» **RECORDED INFORMATION**
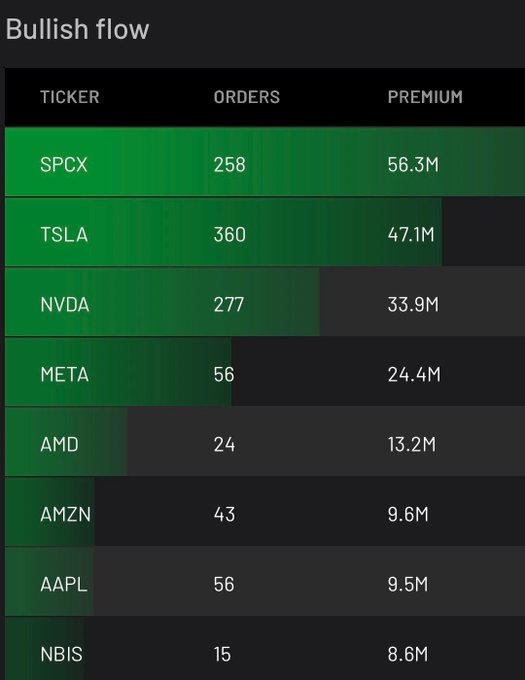 A "Bullish flow" trading dashboard displays call options activity, with SPCX (SpaceX) leading at $56.3M in premium across 258 orders, followed by TSLA at $47.1M across 360 orders, and NVDA at $33.9M—confirming the post's claim that SpaceX and Tesla are seeing the strongest bullish options flow.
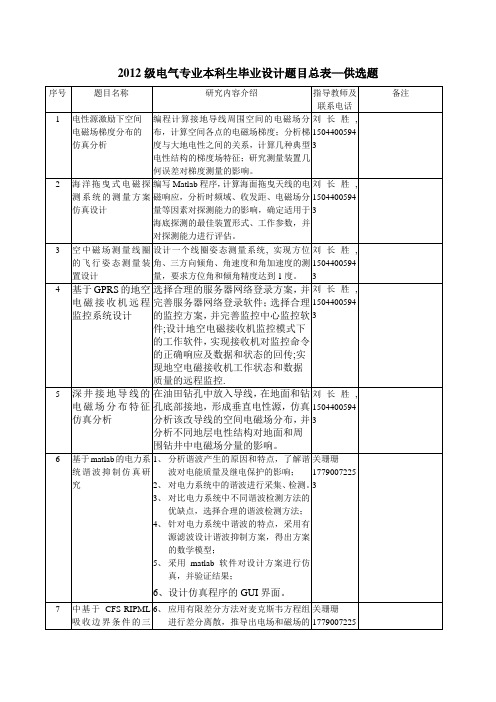 2012级电气专业本科生毕业设计题目总表供选题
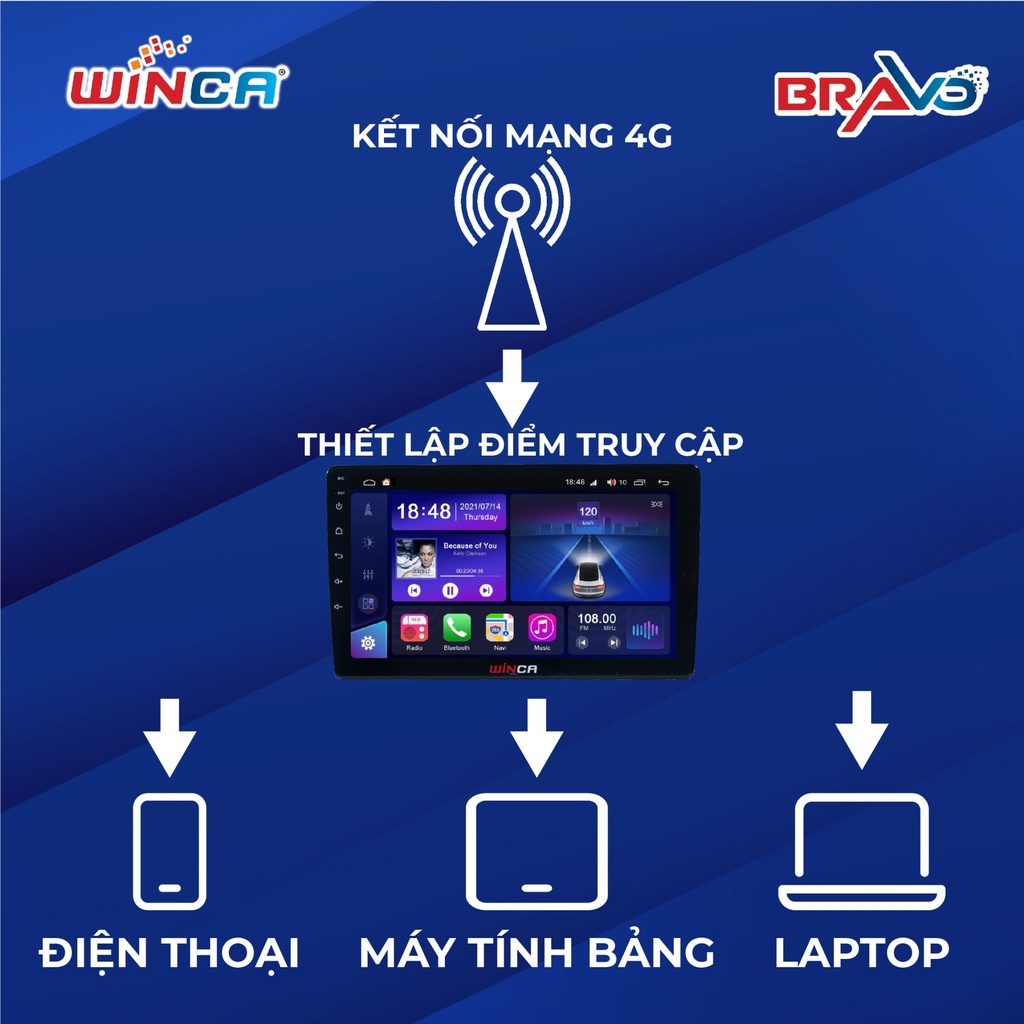 MÀN HÌNH WINCA S300 3G 9-INCH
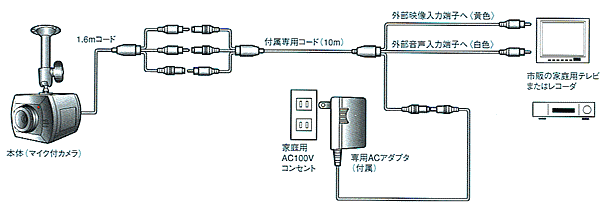 SC-300 z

» **TASK DESCRIPTION**
Without the pictures, write out the entire listing exactly.

» **RESPONSE TO THIS TASK**
 A "Bullish flow" trading dashboard displays call options activity, with SPCX (SpaceX) leading at $56.3M in premium across 258 orders, followed by TSLA at $47.1M across 360 orders, and NVDA at $33.9M—confirming the post's claim that SpaceX and Tesla are seeing the strongest bullish options flow.
 2012级电气专业本科生毕业设计题目总表供选题
 MÀN HÌNH WINCA S300 3G 9-INCH
 SC-300 z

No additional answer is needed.